Utthita Trikonāsana: Extended triangle pose
Utthita – extended or stretched
Tri – triangle
Koṇa – angle
Utthita Trikoṇāsana, Extended Triangle Pose
Utthita Trikoṇāsana is one of the first standing poses you will be introduced to as a yoga student. It is an integral part of any school of yoga – Hatha yoga, Ashtanga Yoga, Iyengar Yoga etc. This āsana prepares the body and will give you valuable lessons about your body and its alignment allowing you to approach other āsanas with intelligence.
- Stand in samasthitiḥ. Inhale and jump out to the right, 3 – 4 ½ feet apart. Ensure that the outer sides of your foot are parallel to each other on the mat.
- Raise your arms upward in line with your shoulders; parallel to the mat, palms are facing downwards. Keep the arms engage and pull the shoulders away from the ears. The muscles of our chest are moving upwards, over your shoulders and descending down the back. The tailbone is tucked in allowing the buttocks to move forward and the pelvic bone to tilt upwards.
- Turn the right foot 90˚outwards and turn the left foot slightly inwards. The ankle of the right foot should be in line with the arch of the left foot. Ensure that your trunk is still pointing forward (to the wall in front of you) even after you have adjusted your feet. Press evenly into your feet to maintain stability in the pose.
- Inhale deeply and as you exhale extend your body to the right and then reach downwards to hold your knee, ankle or to rest the hand on the floor beside the foot. Be aware that you are not falling forward and that the right side of the body is parallel to the right thigh. Only bend as much as possible whilst still keeping the alignment described above. Remember that this is a side bend, not a side-forward bend. If you find your body falling forward, adjust the hand so it is higher up on the leg.
- Check that your left arm is directly above the left shoulder. Try not to sink into the right hand and lower joints but use the left arm to pull upwards, keeping the upper body light with a lifting sensation.
- Look down at your big toe, move your shoulders away from your ears and lengthen and relax the neck. Keeping the neck relaxed look gently upwards at the tip of your left hand fingers.
- Hold the āsana for five long deep breaths.
- To come our of the āsana, inhale, press into your left foot and engage your left arm to pull yourself upwards.

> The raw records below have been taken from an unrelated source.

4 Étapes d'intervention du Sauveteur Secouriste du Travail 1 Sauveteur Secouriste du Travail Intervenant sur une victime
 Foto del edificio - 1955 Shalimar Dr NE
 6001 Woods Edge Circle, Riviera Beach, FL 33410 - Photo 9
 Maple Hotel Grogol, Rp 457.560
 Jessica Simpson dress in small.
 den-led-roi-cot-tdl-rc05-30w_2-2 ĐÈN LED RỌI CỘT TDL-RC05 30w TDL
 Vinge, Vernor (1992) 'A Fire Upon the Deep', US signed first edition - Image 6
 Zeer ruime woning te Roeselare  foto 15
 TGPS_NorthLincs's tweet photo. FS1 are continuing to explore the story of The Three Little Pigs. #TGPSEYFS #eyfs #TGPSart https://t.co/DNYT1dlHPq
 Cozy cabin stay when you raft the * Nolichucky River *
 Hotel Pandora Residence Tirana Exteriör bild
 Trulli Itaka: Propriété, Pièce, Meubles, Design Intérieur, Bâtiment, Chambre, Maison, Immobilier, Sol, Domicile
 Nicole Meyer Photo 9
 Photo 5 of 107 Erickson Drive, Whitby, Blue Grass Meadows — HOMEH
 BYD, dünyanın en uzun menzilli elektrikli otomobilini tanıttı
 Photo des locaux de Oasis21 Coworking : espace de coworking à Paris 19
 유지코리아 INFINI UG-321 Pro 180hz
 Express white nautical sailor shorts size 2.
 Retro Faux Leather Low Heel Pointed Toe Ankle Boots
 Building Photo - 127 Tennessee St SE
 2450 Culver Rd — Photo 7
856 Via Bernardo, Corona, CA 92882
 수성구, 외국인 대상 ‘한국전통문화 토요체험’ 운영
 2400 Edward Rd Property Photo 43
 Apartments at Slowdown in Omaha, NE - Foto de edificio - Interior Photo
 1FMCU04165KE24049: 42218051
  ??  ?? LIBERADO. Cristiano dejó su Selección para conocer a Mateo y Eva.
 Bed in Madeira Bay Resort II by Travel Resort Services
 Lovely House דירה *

- Keep the arms active and engaged. Turn to the left side and practice the other side.
- In Trikonāsana the legs are the foundation and they need to be strong and rooted to the ground.
- Initially it will be difficult to judge how wide the legs should be – If your legs are too wide apart, then it is difficult to engage the quads and if too narrow the mobility in your spine and hips is restricted. This adjustment is unique to your own body and depends on the length and flexibility of your legs. Experiment with the distance and your body will soon tell you what is the ideal placement.
- After you have turned the right foot outwards, pull the kneecaps upwards (pushing into the big toe will help with this) and engage the quads by hugging the muscles into the bone.
- Avoid locking the knees by over extending them. This is more likely to happen to the right extended leg. If you feel pain in the back of the knee, then bend the knee, rotate the muscles of the upper thigh outwards and then straighten the knee again.
- The body weight must be distributed evenly through both feet. If your right big toe and the outer edge of the left foot are raised off the mat, then your body is not evenly distributed. Ensure that this is so by pushing into your right big toe and ensuring that the outer part of left foot does not lift off the ground.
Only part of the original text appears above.